Life expectancy is increasing around the world and with it a higher percentage of older people in the population. This has a direct impact on the way we all live together and, in particular, on the global economy and health sector. For example, a significant portion of the experienced workforce is now approaching retirement as younger and less experienced talent pushes to join that workforce. While this may be considered a talent management challenge, it also means there is a growing market of mature clients who are still full of energy and appetite to build projects for the future. Thus, the combination of these two demographics in the workforce – older and seasoned workers vs young and green – actually presents a fertile opportunity for intergenerational collaboration, from both a social impact and a business management perspective.

Although there is much discussion around the value and best practices of intergenerational knowledge exchange, it is commonly regulated to a sub-category of human resource management or diversity initiatives. In some cases, professionals have developed their own informal “mentor-mentee” relationship with colleagues from other generations. For example, Airbnb employee Chip Conley, who has spoken openly about his personal difficulties connecting with a predominantly millennial workforce, cultivated a bi-directional mentor-mentee relationship with a millennial co-worker. The exchange helped both individuals develop the skills and competencies associated with the others’ generation. This type of initiative has a great impact amongst teams, though it appears that many of these instances arise from informal or serendipitous exchanges as opposed to corporate programs that could fully leverage the wisdom of the more senior profiles.

Research has found an increasing demand from European companies to understand how best to cater to senior talent and those in the later phases of their working lives. Subsequent research, also from the IE Observatory of Demography and Generational Diversity, on European companies shows that there is beginning to be a higher prevalence of formalized programs for intergenerational knowledge sharing, mostly taking the form of mentorship (from senior to junior, from junior to senior, or bi-directional). That being said, mentorship is not the only solution for an intergenerational strategy. In fact, there could be many more opportunities that are currently underexplored but which could add notable value to business and society.

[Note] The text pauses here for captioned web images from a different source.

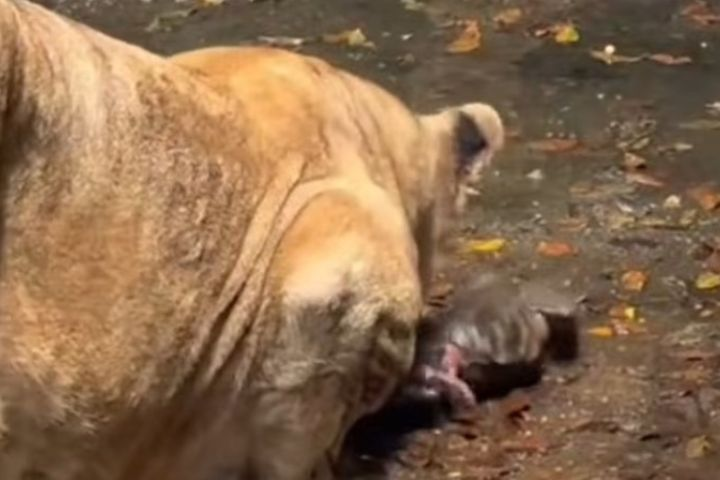 虎寶寶誤墜獅群嚇壞遊客　母獅溫柔舔舐　幫忙清理臍帶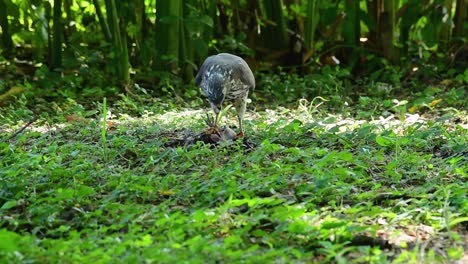 shikra alimentándose de otro pájaro en el suelo, esta ave de rapiña atrapó un pájaro para desayunar y estaba ocupado comiendo, luego se asustó y se fue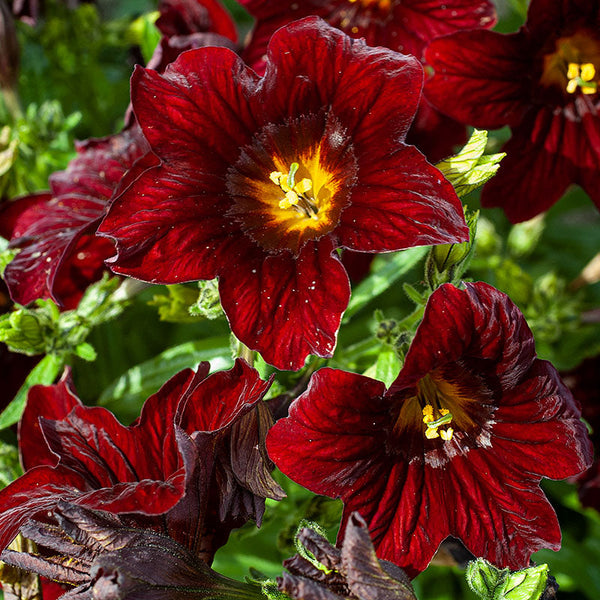 
    



Painted Tongue 'Black Trumpets'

Intergenerational collaboration beyond mentoring

There are other interesting strategies that leverage senior talent. For example, The Grey Matters Network (GMn) was established to address this gap in the intergenerational knowledge market and to make a space in the corporate world where experience can be utilized. Take, for example, the company that approached GMn “looking for mature workers for customer-facing positions because its customer base is 50-plus and it wants their customers’ queries to be handled by staff with similar life experience.” Engaging senior talent, experienced individuals who can better understand and empathize with these customers, is a strong strategy since those specific needs may not be obvious to a predominantly millennial workforce.